**Directions**: Below are records; from the line containing "DMG Realty logo" through the very last line, output each line exactly. No pictures.

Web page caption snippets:
-- Opening Marker --

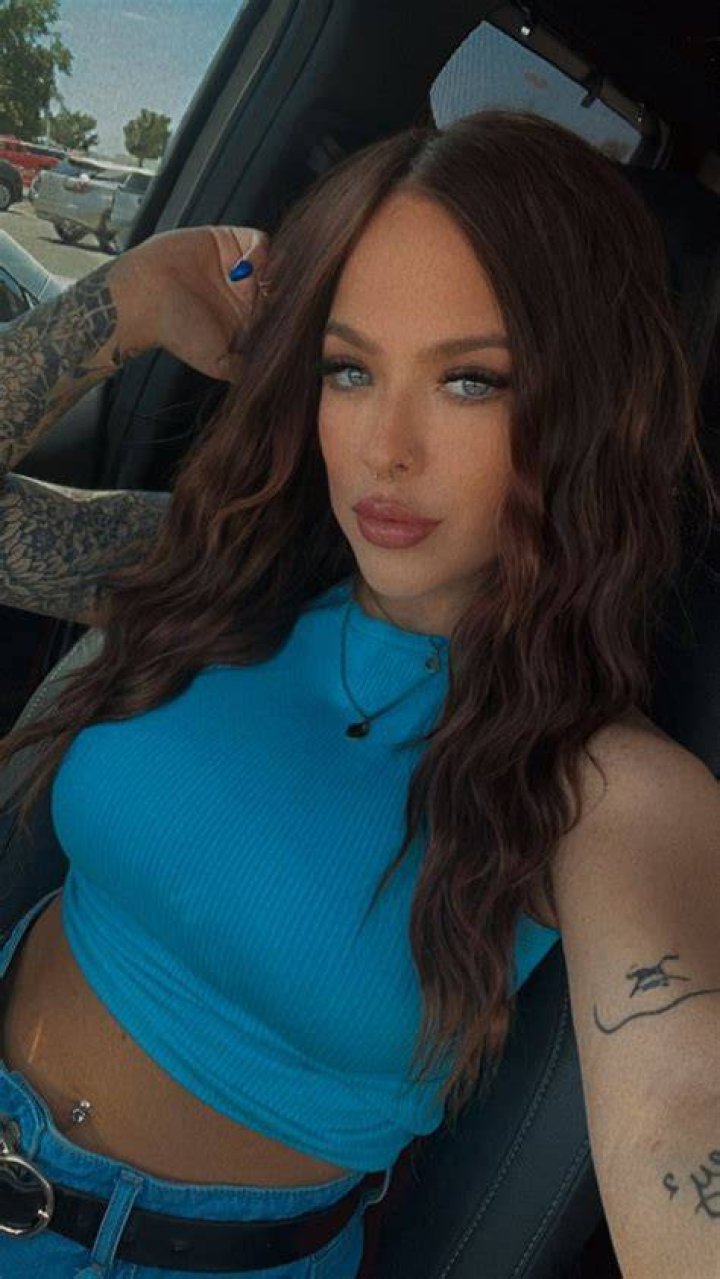 Hailey Brooke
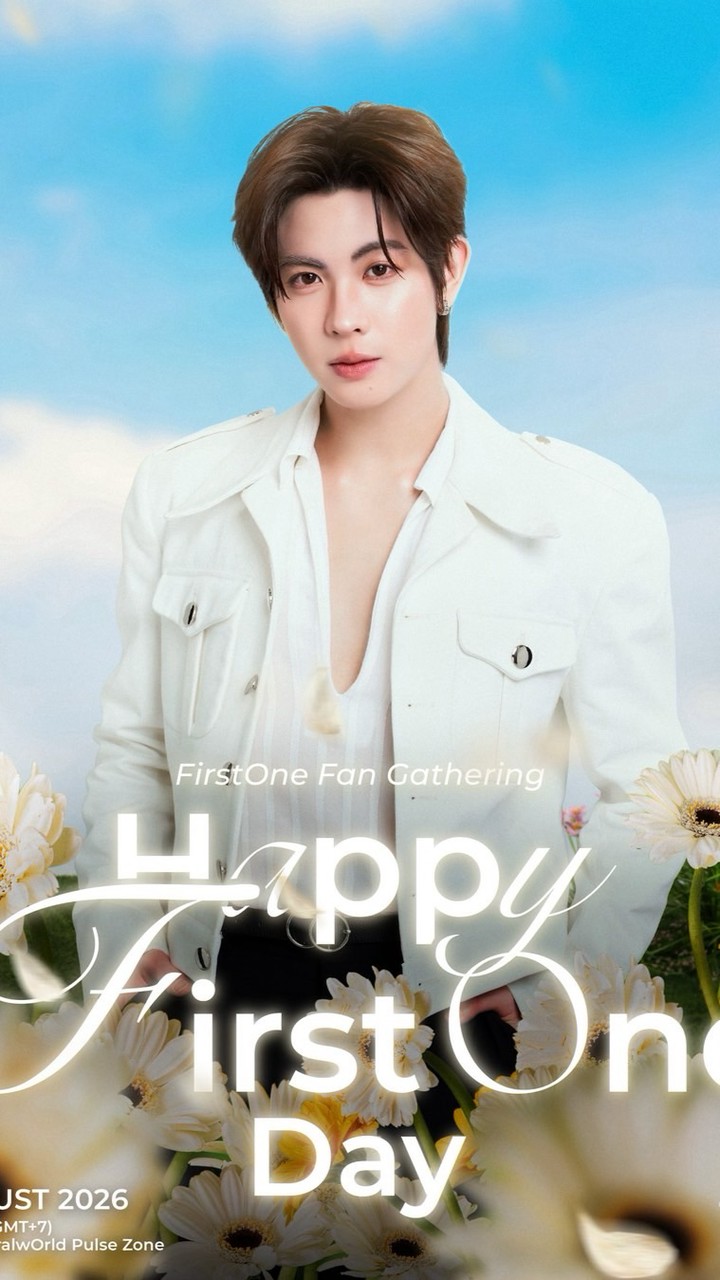 BD FirstOne ~ ข้าวเช่า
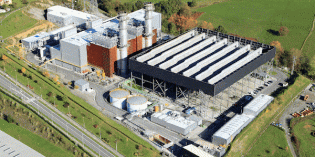 Amorebieta tendrá en 2022 la primera planta de hidrógeno verde de España
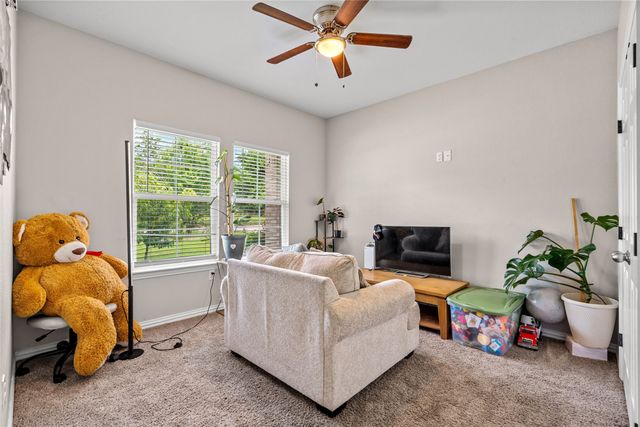 909 S Frances Street A, Terrell, TX 75160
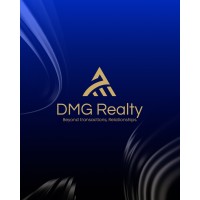 DMG Realty logo - Similar company to Roar Education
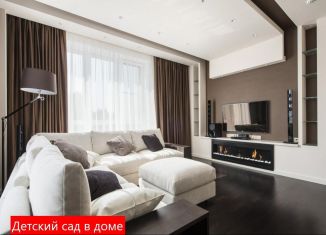 Продается 1-ком. квартира, 35.8 м2, Тюмень, Интернациональная улица, 199А, ЖК Авиатор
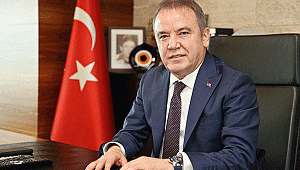 CHP Antalya'da Öcalan Sempatizanı Bir Aday Daha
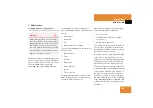 Предварительный просмотр 334 страницы Mercedes-Benz 2001 C 320 Operator'S Manual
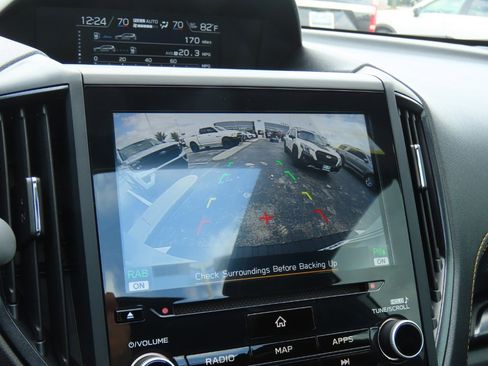 Used 2023 Subaru Forester Wilderness image 32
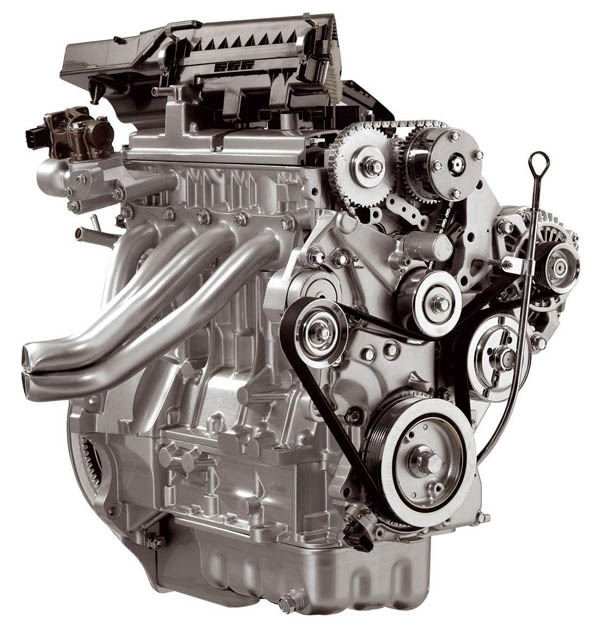 2023 Bishi Outlander Car Engine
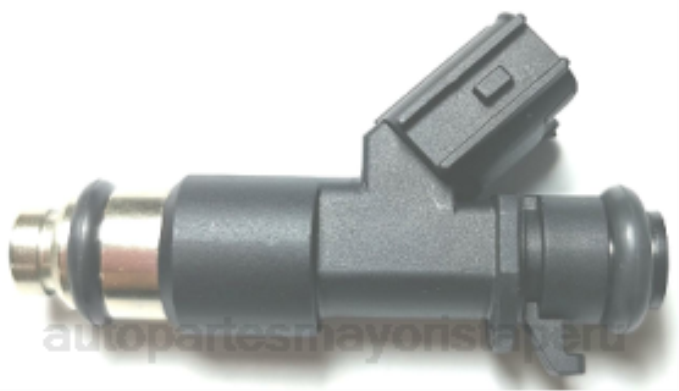 Repuestos De Auto La Plata inyector de combustible 16450rjaa01 2V4B1982 ACURA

-- Closing Marker --

**Written solution**:
 DMG Realty logo - Similar company to Roar Education
 Продается 1-ком. квартира, 35.8 м2, Тюмень, Интернациональная улица, 199А, ЖК Авиатор
 CHP Antalya'da Öcalan Sempatizanı Bir Aday Daha
 Предварительный просмотр 334 страницы Mercedes-Benz 2001 C 320 Operator'S Manual
 Used 2023 Subaru Forester Wilderness image 32
 2023 Bishi Outlander Car Engine
 Repuestos De Auto La Plata inyector de combustible 16450rjaa01 2V4B1982 ACURA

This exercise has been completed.